__The task__:
Here is the task for the records below: repeat exactly the lines from the one with "Funny Gold Star" to the one with "哪些生肖2025年运势旺盛", both included, and nothing else.

__Raw data__:

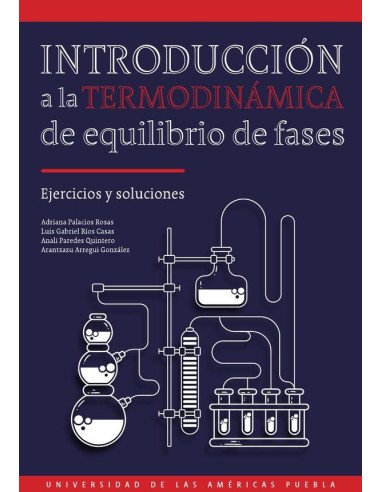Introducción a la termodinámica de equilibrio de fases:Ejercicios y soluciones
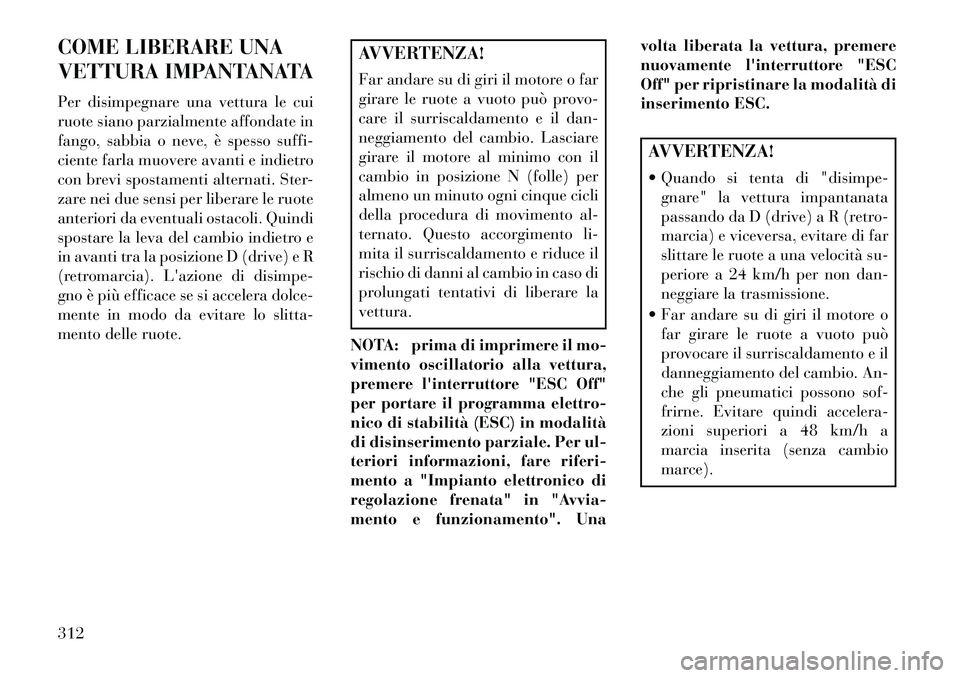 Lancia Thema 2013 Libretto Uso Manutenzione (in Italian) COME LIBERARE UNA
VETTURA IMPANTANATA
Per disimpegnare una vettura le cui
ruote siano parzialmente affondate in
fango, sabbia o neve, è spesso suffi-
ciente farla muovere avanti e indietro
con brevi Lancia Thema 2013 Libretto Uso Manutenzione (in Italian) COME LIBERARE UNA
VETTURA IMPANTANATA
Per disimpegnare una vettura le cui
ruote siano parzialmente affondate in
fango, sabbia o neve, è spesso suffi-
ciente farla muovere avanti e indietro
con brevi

* * *

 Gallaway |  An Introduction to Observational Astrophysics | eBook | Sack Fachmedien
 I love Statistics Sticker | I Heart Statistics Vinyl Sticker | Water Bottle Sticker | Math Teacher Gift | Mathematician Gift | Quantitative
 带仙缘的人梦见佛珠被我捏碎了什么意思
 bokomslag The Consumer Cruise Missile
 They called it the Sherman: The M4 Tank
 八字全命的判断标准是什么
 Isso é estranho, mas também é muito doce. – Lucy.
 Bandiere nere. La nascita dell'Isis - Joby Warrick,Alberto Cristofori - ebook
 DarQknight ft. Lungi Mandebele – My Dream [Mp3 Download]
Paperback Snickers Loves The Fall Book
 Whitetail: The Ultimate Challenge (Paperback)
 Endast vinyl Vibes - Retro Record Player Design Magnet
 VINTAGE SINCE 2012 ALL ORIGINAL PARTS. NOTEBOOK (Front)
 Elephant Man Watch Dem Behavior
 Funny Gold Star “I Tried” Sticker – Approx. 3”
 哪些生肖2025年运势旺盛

__Finished exercise__:
 Funny Gold Star “I Tried” Sticker – Approx. 3”
 哪些生肖2025年运势旺盛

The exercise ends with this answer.